What the company is missing is the human factor — a single person who has a comprehensive understanding of the details of the engine and how the parts interact and work as a whole.
In the old days, one chief engineer used to design everything. This was true with ships and airplanes as well as nuclear reactors. Now, design and production is broken down into so many details that there is no one in the current generation of Toyota engineers who seems to have the whole picture. A 45-year-old engineer at Toyota today would have spent the last 25 years working on “the accumulation of small improvements.”

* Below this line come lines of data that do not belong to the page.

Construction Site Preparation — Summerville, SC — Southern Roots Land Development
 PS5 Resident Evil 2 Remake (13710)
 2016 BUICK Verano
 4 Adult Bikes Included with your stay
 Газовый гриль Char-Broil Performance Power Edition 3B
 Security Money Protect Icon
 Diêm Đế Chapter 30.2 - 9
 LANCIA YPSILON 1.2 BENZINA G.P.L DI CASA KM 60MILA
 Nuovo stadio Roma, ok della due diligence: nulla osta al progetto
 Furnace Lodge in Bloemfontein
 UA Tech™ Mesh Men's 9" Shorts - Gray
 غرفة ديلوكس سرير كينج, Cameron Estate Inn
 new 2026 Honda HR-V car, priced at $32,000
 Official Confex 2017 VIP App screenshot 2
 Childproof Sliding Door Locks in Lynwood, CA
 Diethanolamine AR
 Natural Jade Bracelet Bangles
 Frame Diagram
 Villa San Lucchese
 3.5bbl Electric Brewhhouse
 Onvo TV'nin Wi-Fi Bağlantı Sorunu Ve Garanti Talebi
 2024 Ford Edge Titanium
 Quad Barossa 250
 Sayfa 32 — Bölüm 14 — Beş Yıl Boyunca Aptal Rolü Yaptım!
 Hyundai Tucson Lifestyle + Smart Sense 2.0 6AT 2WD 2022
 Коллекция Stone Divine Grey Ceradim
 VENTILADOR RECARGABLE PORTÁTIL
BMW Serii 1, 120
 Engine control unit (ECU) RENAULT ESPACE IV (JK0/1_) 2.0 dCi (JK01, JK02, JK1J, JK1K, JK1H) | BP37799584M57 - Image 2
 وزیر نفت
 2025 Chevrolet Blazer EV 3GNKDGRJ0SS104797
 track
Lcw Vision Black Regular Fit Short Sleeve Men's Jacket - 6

What this suggests is that Toyota has to come up with a new organizational ethos beyond kaizen that can oversee the crucial safety features that may have been compromised by so much incremental improvement over the years. This is a philosophical problem of management, not a technical issue. A new system of “man and machine interface” needs to supplement the kaizen philosophy — in other words, one that perfects the big picture of engine control safety instead of just the small picture of components.
I believe Toyota can meet this challenge. The challenge I fear it will fail to meet is the psychological one, enveloped as the company’s leaders seem to be in a sense of panic at being attacked politically and in the press in their most lucrative market, the United States. There is such a clash between aggressive American political and media culture and reserved Japanese ways.
As America brings Toyota to account on safety, it must also put the company in the right perspective. Toyota has also always done what the American market and politicians demanded without losing quality or productivity. The U.S. asked Toyota to come to the U.S. to produce cars instead of export them from Japan, and use up to 50 percent local content.
Today, 2.5 million cars are produced annually in the U.S. at several plants; this has created many jobs. Toyota’s annual spending on parts, goods and services from hundreds of U.S. suppliers totals more than $22 billion.
Ninety-five Japanese component companies were transplanted from Japan to supply Toyota through its “just in time” manufacturing process, building up a component supply network along the Mississippi Valley that didn’t exist before.
Toyota is in the hot seat. But everyone should understand that the issue at hand is the tradeoff between complexity and safety in an age in which electronics and computers dominate the vehicles we all use on a daily basis.